In 1854, the American Navy forced Japan to begin trading with the outside world, and changed the culture of the country forever. The development of a nation firmly stuck in the past was forcefully accelerated. The first thing to go was the feudal government system, and most notably it caused the demise of the samurai warlords of old. The breakdown of this system initially caused much civil and financial unrest, until the centralized government of today established itself in modern Tokyo.
However, Westernization did not truly become prevalent until the last few decades.
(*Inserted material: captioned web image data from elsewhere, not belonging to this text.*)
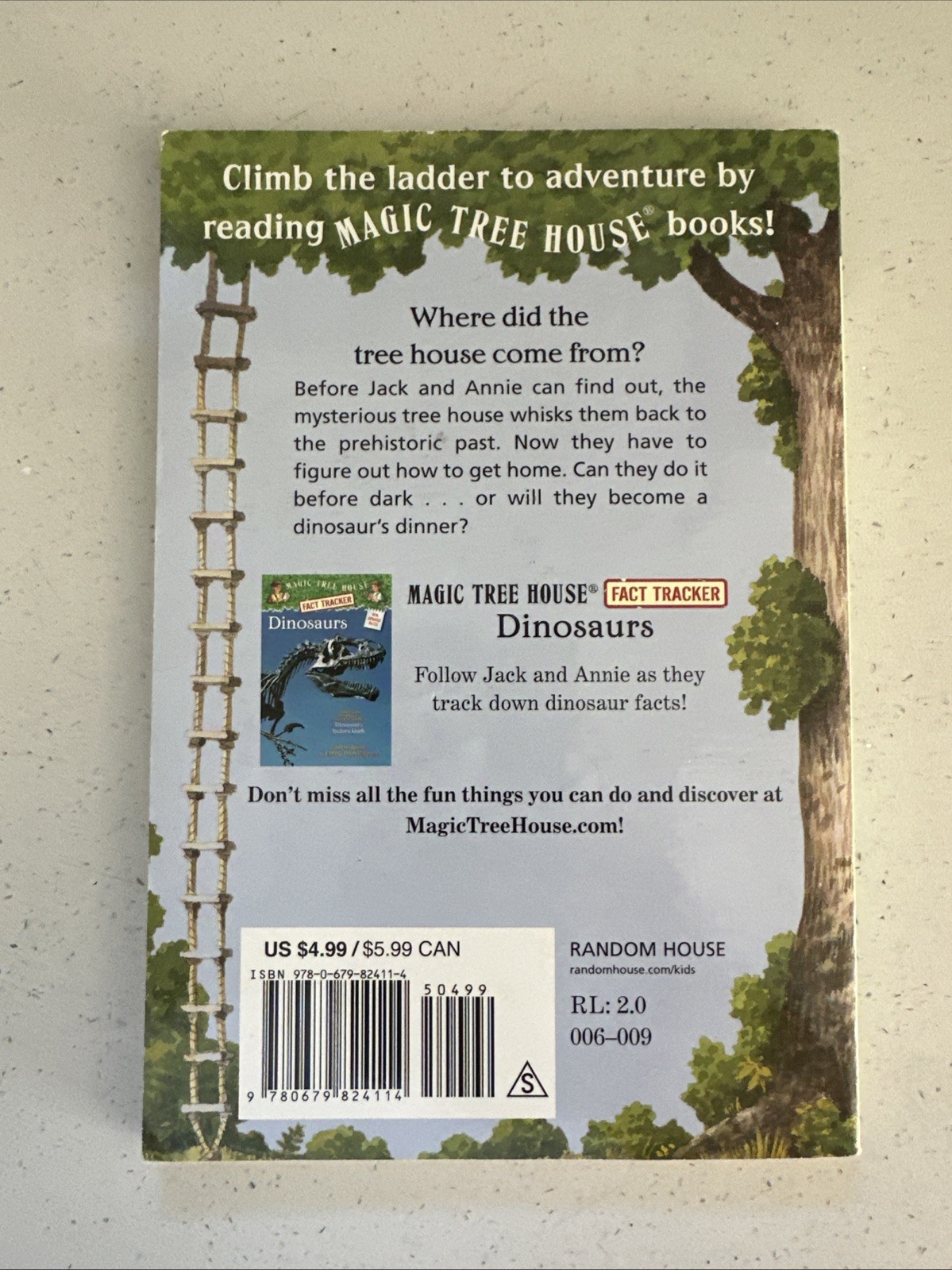 Dinosaurs Before Dark by Mary Pope Osborne (1992, Digest Paperback)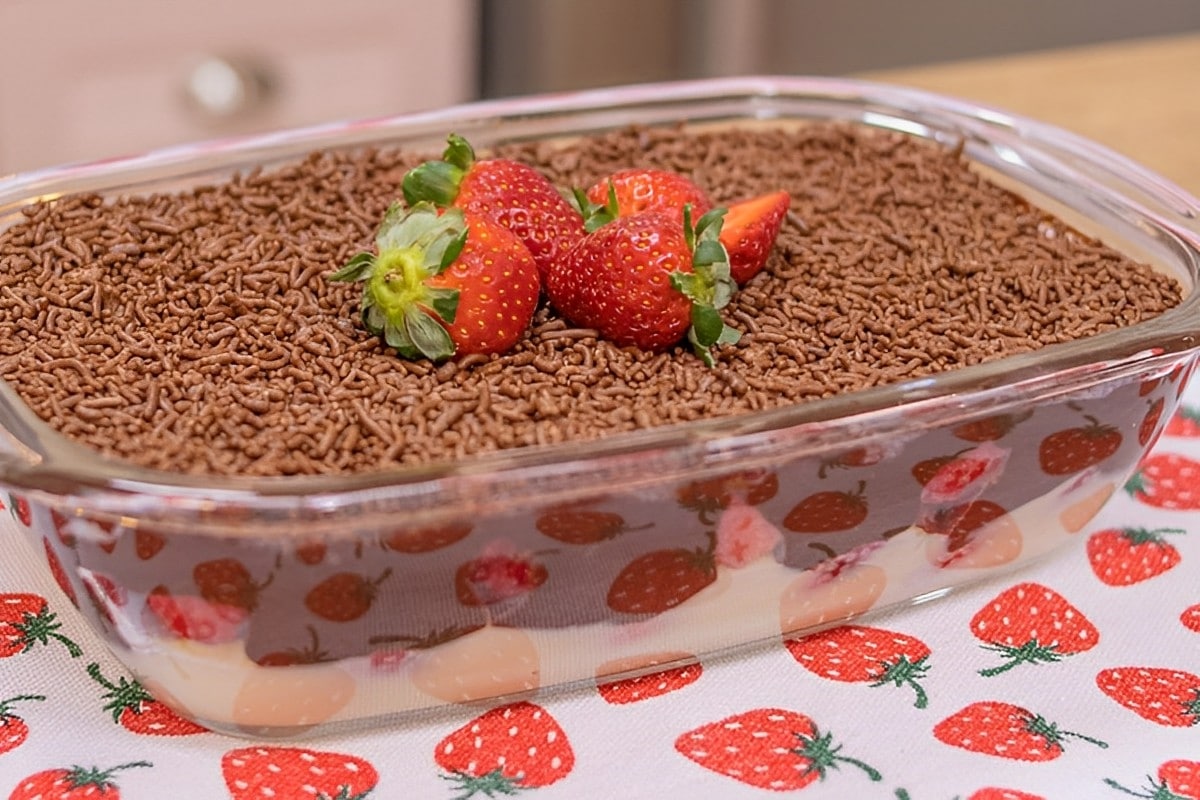 Bombom aberto de morango: uma sobremesa deliciosa e feita com poucos ingredientes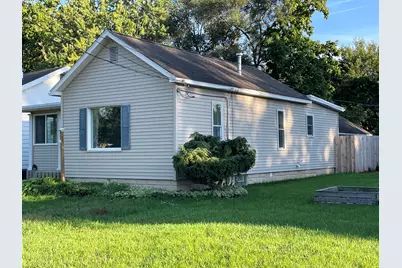 2424 30th Street SW, Wyoming, MI 49519 - Photo 2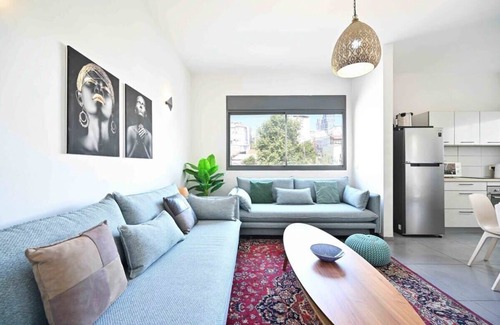 Kerem HaTeimanim Apartment | Cozy 2BR with Parking near the sea by HolyGuest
The Western media has presented a very different way of living to a nation that has always been very detached from the rest of the world, and one that has a unique social system of its own. The introduction of Western mainstream ideas has led to much change in etiquette, but at the same time is frowned upon by many of the older generation.
The first noticeable change was in popular culture. The phrase "Big in Japan" wasn't simply coined without reason. The fascination with Western film, music and celebrity has reached fever pitch over the past 20 years, with bands and film-makers who could not get the fame or money that they wanted over here heading East to find their fortune.
Japanese bands have taken on the style of Western bands and have stylised themselves to the extreme. They have their own, younger version of the Backstreet Boys in the form of Hey!Say!JUMP' (So named because all of the band's 10 members were born in Japan's "Heisei" era, and therefore are all under 18!) and their own Marilyn Manson style bands such as Malice Mizer and Dir En Grey.
Probably the most extreme and shocking form of Westernization in Japan is the aesthetic changes that people are willing to make to look more "Western". There are several trends followed in Japan, especially by people in their teens and early 20s, which are taken straight out of the gossip magazines and MTV shows from America and Europe.